‘Gathering Fragments’ brings together the work of nine contemporary artists who explore abstraction as both a creative act and a means of questioning how we construct and navigate our world. Featuring Ghada Amer, El Anatsui, Nolan Oswald Dennis, Leonardo Drew, Remy Jungerman, William Kentridge, Kapwani Kiwanga, Atta Kwami and Hank Willis Thomas, the exhibition reflects on the intersections of history, power and knowledge. Through materiality, gestural marks, and layered compositions, each artist unearths narratives that are fragmented, interconnected, and continually shifting, creating works that serve as “ephemeral mappings” of our time.

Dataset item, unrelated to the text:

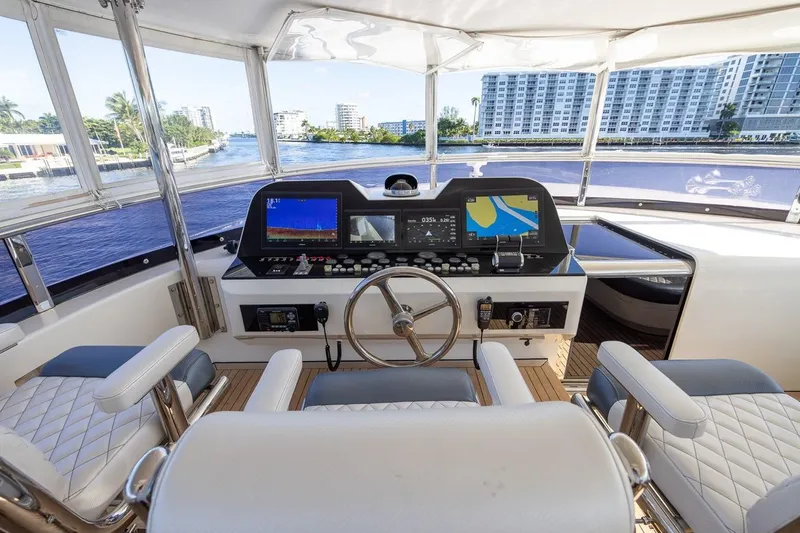 Kaya Yacht Photos Pics Luxurious helm of 2003 Johnson 87' Motor Yacht with modern navigation equipment.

At the heart of the exhibition is an exploration of materiality and its potential to act as a palimpsest – a layered surface where history, memory and imagination coexist. El Anatsui’s ‘Untitled III’ and Leonardo Drew’s ‘Number 426’ exemplify this approach, using wood in ways that recall cycles of growth and erosion. Anatsui’s carefully selected wood tones and bold chainsaw cuts evoke both the richness of African cultural diversity and the scars of violence endured, while Drew’s process of splintering, ripping and layering conveys a powerful dynamic between order and entropy, mirroring the cyclical nature of existence.
In a complementary way, Ghada Amer and William Kentridge address material as a vessel of identity and social critique. Amer’s ‘Suzy’, a bronze cast of a female form, reclaims agency within the artistic tradition, offering a narrative of bodily autonomy through intricate textures and shadows. Her subversive, tactile approach resonates with Kentridge’s ‘Try to Understand this Simple Speech’, a layered ink and collage work that reinterprets South African histories. Here, history is neither fixed nor complete but continuously reconstituted, embodying a dialogue between memory and erasure. ‘Gathering Fragments’ will be open until the 11th of January 2025 at Goodman Gallery Cape Town.